▶ _Try it_: Write every line below out again exactly, images omitted.

▶ _Dataset section_:
*****
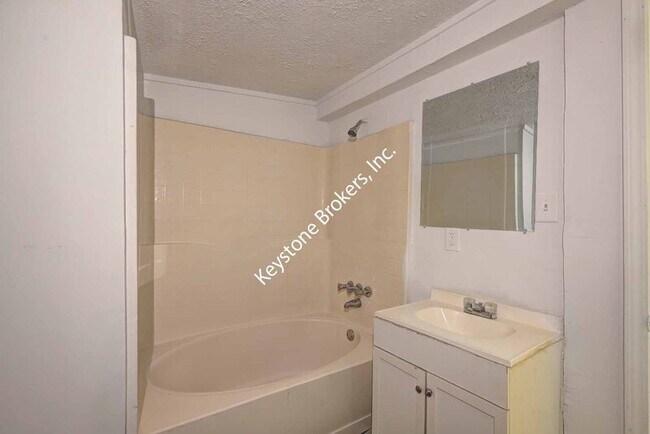 Building Photo - 760 Magnolia Dr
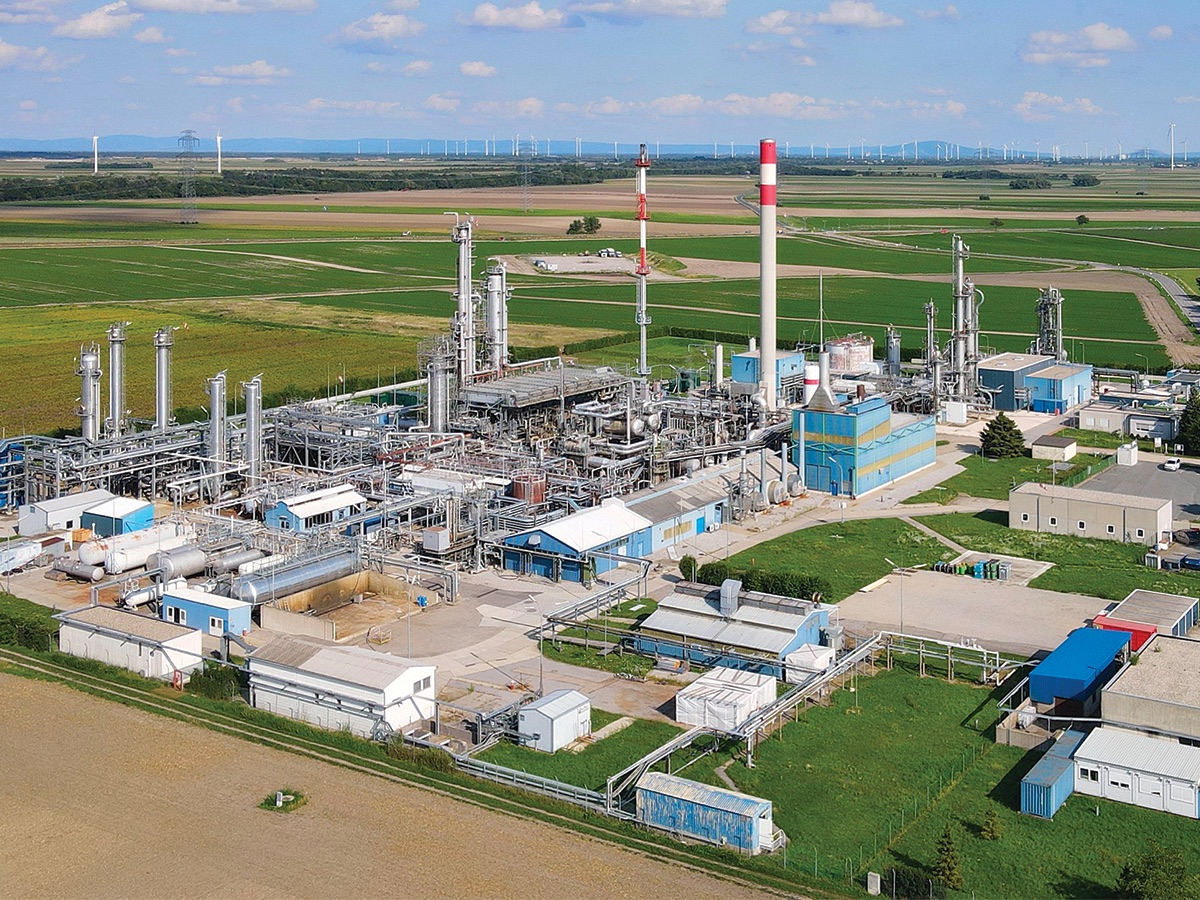 Natural gas processing plant in Aderklaa, Lower Austria (© Bwag) 
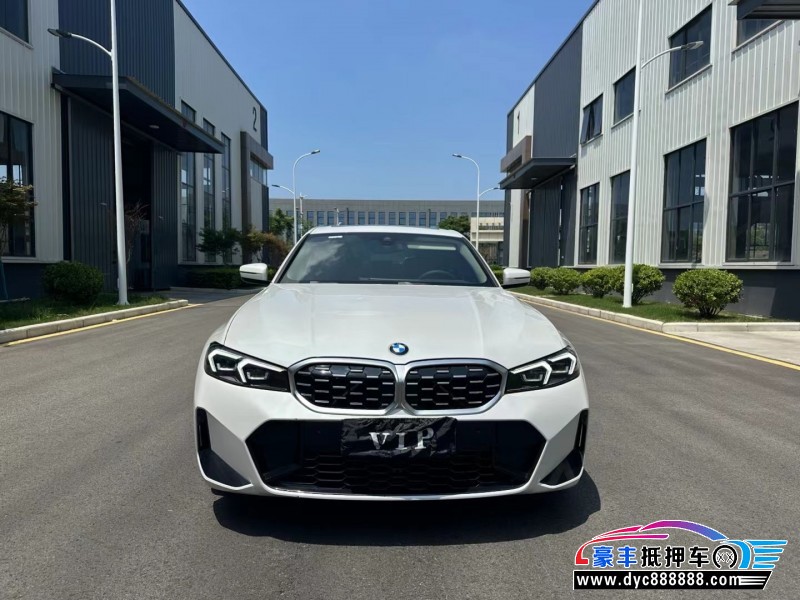24年宝马3系轿车抵押车出售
*****
▶ _Output for this exercise_:
 Building Photo - 760 Magnolia Dr
 Natural gas processing plant in Aderklaa, Lower Austria (© Bwag) 
24年宝马3系轿车抵押车出售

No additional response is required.